Personally, while it was entertaining, I think that amongst our own members, we could've done much better.....


----------



## texmaster (Aug 25, 2008)

I looked ahead. It looks like its on again at 2am CST


----------



## madammorrible (Aug 9, 2009)

Pumpkinprincess said:


> Where would you get one of those vinyl facades printed? I loved that idea.
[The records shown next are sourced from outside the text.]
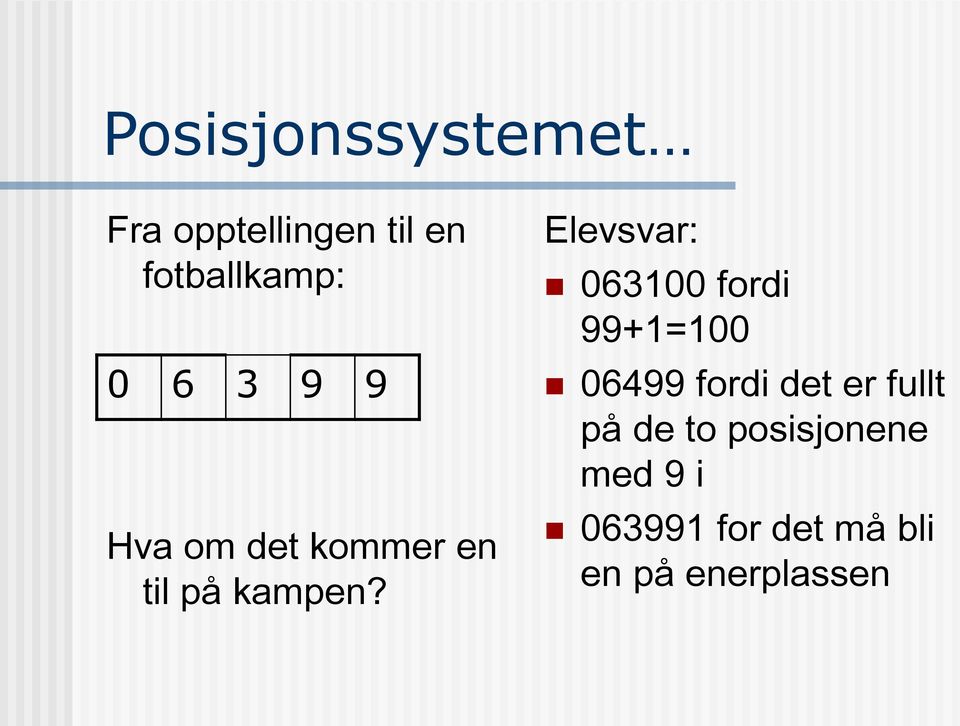 Elevsvar: 063100 fordi 99+1=100 06499 fordi det er fullt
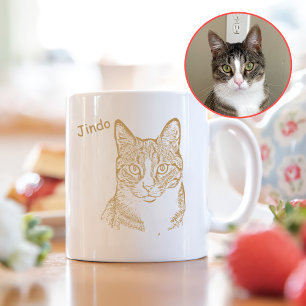 Tabby Cat Personalised Hand Drawing Coffee Mug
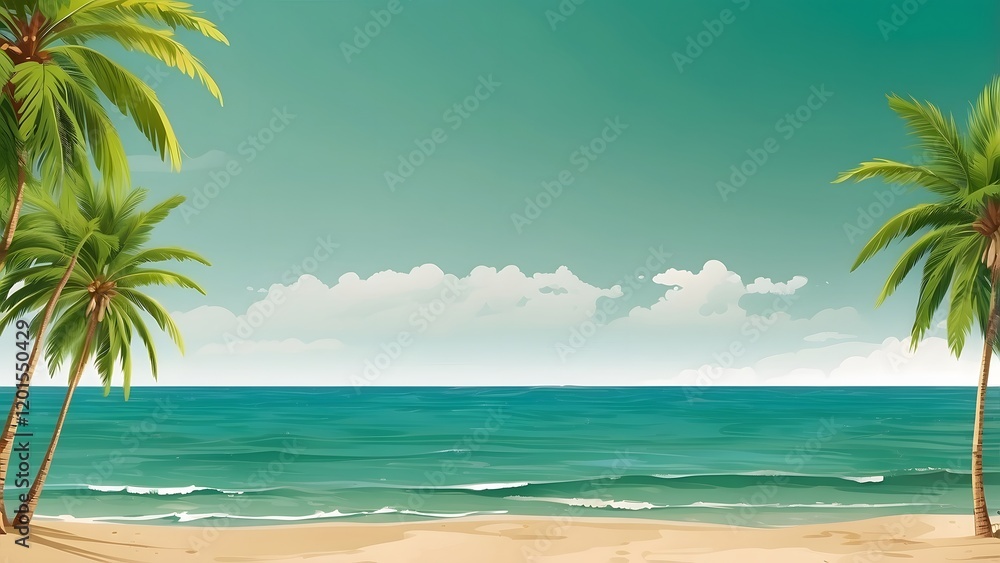 Obraz premium Chester banner with empty space Without Text, Beach theme luxury Green background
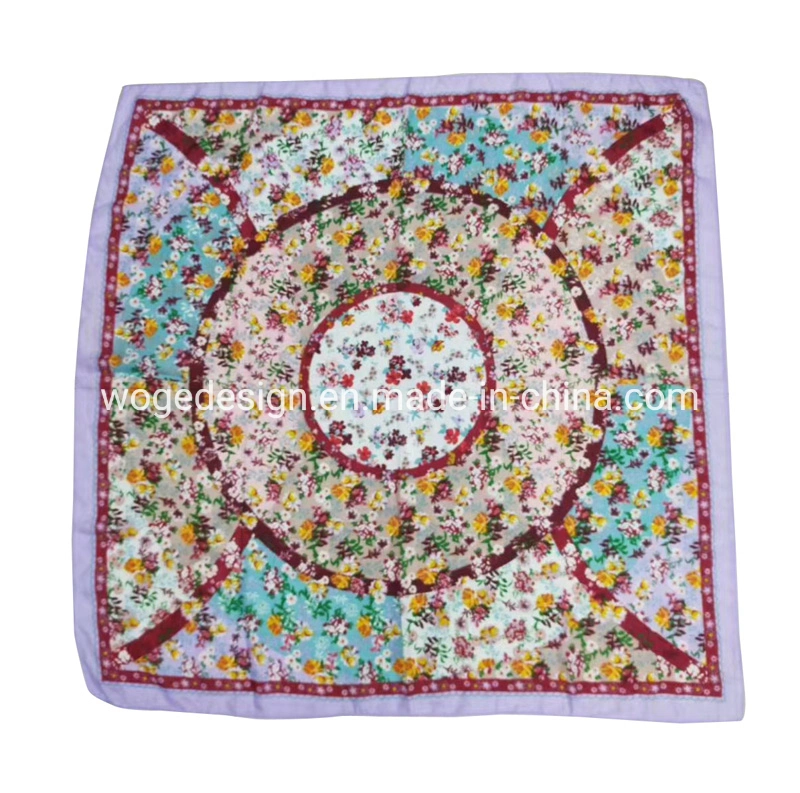 Fashion Factory Unique Muffler 80*80cm Headwrap Hijab Women Print Flowers Cotton Feeling Polyester Square Russian Scarf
PP, try Etsy. I just ordered some there and it was way cheaper then WallWords and such.


----------



## Pumpkinprincess (Aug 8, 2007)

These facades were 20+ ft tall and 25+ft wide. They had to be commercially made.


----------



## Ghost of Spookie (Sep 28, 2008)

texmaster said:


> I looked ahead. It looks like its on again at 2am CST



Here's the scheduled repeats for the show as posted on HGTV's website (*_West Coast DirecTV viewer_s--it airs 3 hours earlier than posted time, ie. 8pm=>5pm):


Halloween Block Party 2010

October 16, 2010 -- 8:00 PM e/p*
October 16, 2010 -- 3:00 AM e/p*
October 18, 2010 -- 9:00 PM e/p*
October 18, 2010 -- 12:00 AM e/p*
October 24, 2010 -- 9:00 PM e/p*
October 24, 2010 -- 12:00 AM e/p*


----------



## jenscats5 (Oct 16, 2010)

I recorded it overnight & watched it this morning.....they had some good ideas and what they did was pretty neat. The painted banner-type facades HAD to have been expensive as they were so big & had to be commercially made. The designer did mention that they were made from a photo she printed.

As for the talking head, it seemed to me that it was a prop owned by one of the construction guys to borrow for the design....


----------



## trentsketch (Aug 4, 2009)

There were some cool ideas, but overall I was bored to tears.

Well, there was an exception. That Day of the Dead haunt played out like a public safety message: don't use live animals in a haunt, don't put a gigantic heavy chandelier on a flimsy card table, don't mock cultural beliefs for the sake of Halloween, don't erect a small-fortune costing vinyl printout that can't possibly be stored after being cut for wind slits and stapled into an impossible to store support structure, don't do the same thing except with a giant vinyl print rolled out over the driveway, don't try to hang heavy things from a 30' tall tree, and don't hire a decorator who refuses to get her hands dirty while everyone else does all the work.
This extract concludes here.